С.Л.: По правде говоря, я практически не слышу таких упреков. Понимаю, что у многих мои тексты вызывают аллергию, но противники крайне редко удостаивают меня полемикой. И правильно делают. Во-первых, когда человек пишет правду — пусть неприятную и с нежелательной точки зрения, — спорить с ним трудно. Во-вторых, ведь и неблагородно нападать на одиночек за то, что не присоединяются к хору. По-видимому, кое-кто все еще помнит, как это делалось в советской литературе и как сказалось на посмертной репутации тогдашних ортодоксов.
РЖ: Какие имена в литературе важны для вас после смерти любимых вами Окуджавы, Довлатова, Бродского?
С.Л.: Окуджава и Довлатов — симпатичные таланты. Бродский — величина другого порядка. Нельзя не назвать — в каком бы то ни было ряду — Венедикта Ерофеева. Но что правда, то правда: после смерти Бродского мне — конечно, и не одному мне — жить стало побезнадежней. Тоска, знаете ли, по непредсказуемому тексту.
РЖ: А чем привлекают вас, петербургского интеллигента с консервативным вкусом, тексты Дмитрия Горчева? И откуда у вас интерес к работам по обсценной лексике, словарю Алексея Плуцера-Сарно в том числе?
С.Л.: Дмитрий Горчев привлекает меня поразительной естественностью интонаций. Что до мата, то это ведь единственный язык, доступный пониманию наших главных богинь — Глупости и Пошлости. Все остальное они слышат, как мы с вами — писк попираемого муравья. Вот иногда и поддразнишь.

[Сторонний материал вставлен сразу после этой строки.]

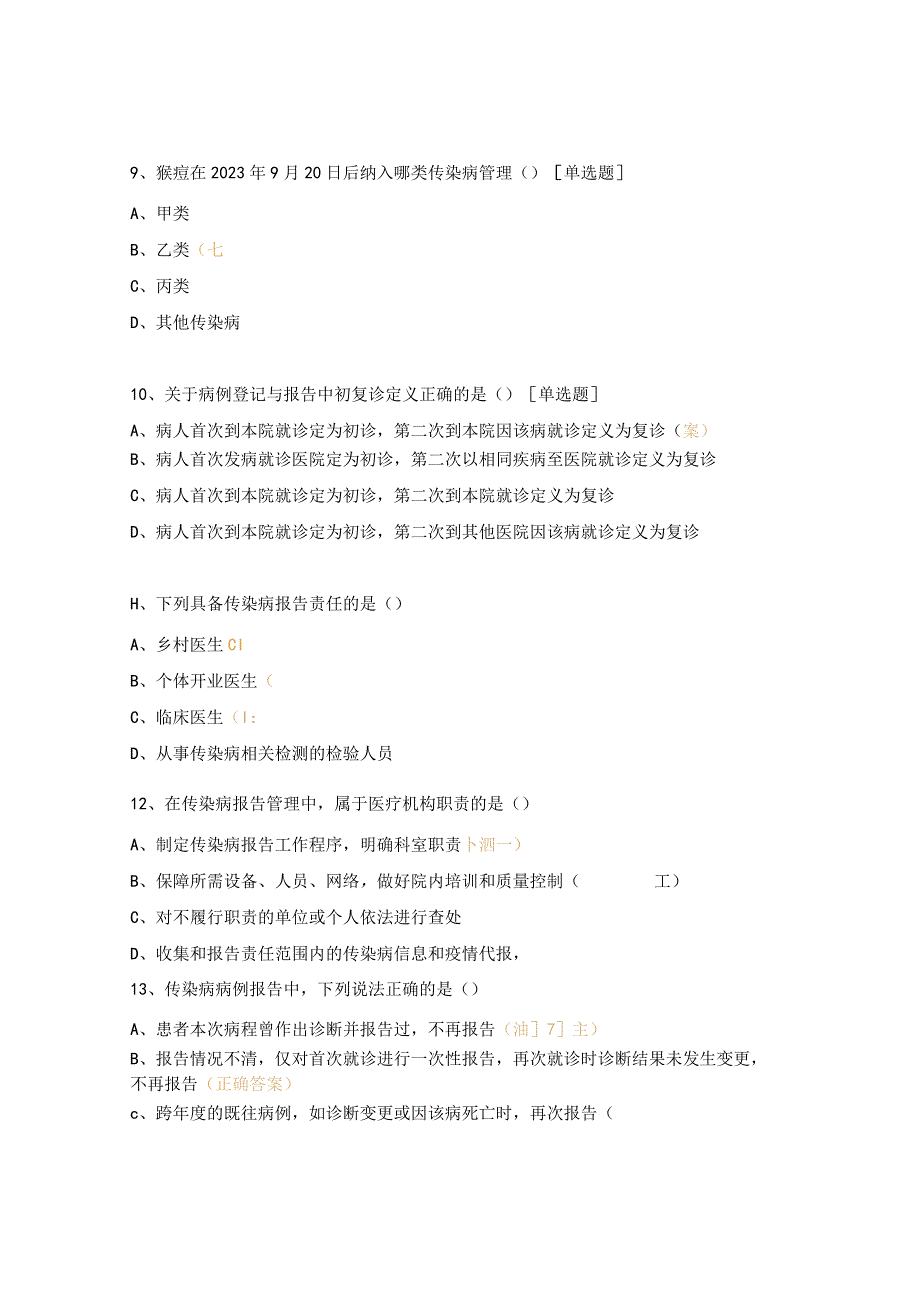 2024年传染病信息报告及突发公共卫生事件管理培训测试（培训后）.docx_第3页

РЖ: Не хотелось ли вам оформить ваши наблюдения над текстами (классическими, в первую очередь) в традиционно-академической форме? И вообще привлекало ли вас когда-нибудь литературоведение?
С.Л.: Автоцитата: "литературоведение — это, как правило, плохие тексты — о хороших". В студенческие годы соблазн такой, конечно, был. Спасли фамилия и характер. Там ведь, в этой среде, надо, помимо прочего, долго отираться в Молчалиных, пока не выйдешь в Фамусовы. Это как-то не по мне.
РЖ: Почему свой жанр вы определяете как "фельетоны в прежнем смысле слова", а не как эссе?
С.Л.: Фельетоны — это в "Муравейнике". А сборники "Толкование судьбы", "Разговоры в пользу мертвых", "Успехи ясновидения" — как бы действительно чистая эссеистика. Но это слово мне не нравится — "эссе". Бесформенное, полое, вдобавок с претензией. Кроме того, в классической эссеистике главный предмет — "я". А я пытаюсь воскрешать мнимых мертвых.
РЖ: Какую традицию в русской критике вы считаете своей?
С.Л.: Самый трудный вопрос. Но вряд ли вас удивит ответ, если вы читали мой давнишний роман "Литератор Писарев". Скажем так: фактически я самоучка. Вольнослушатель русской литературы. Всем, что умею понимать, обязан ей.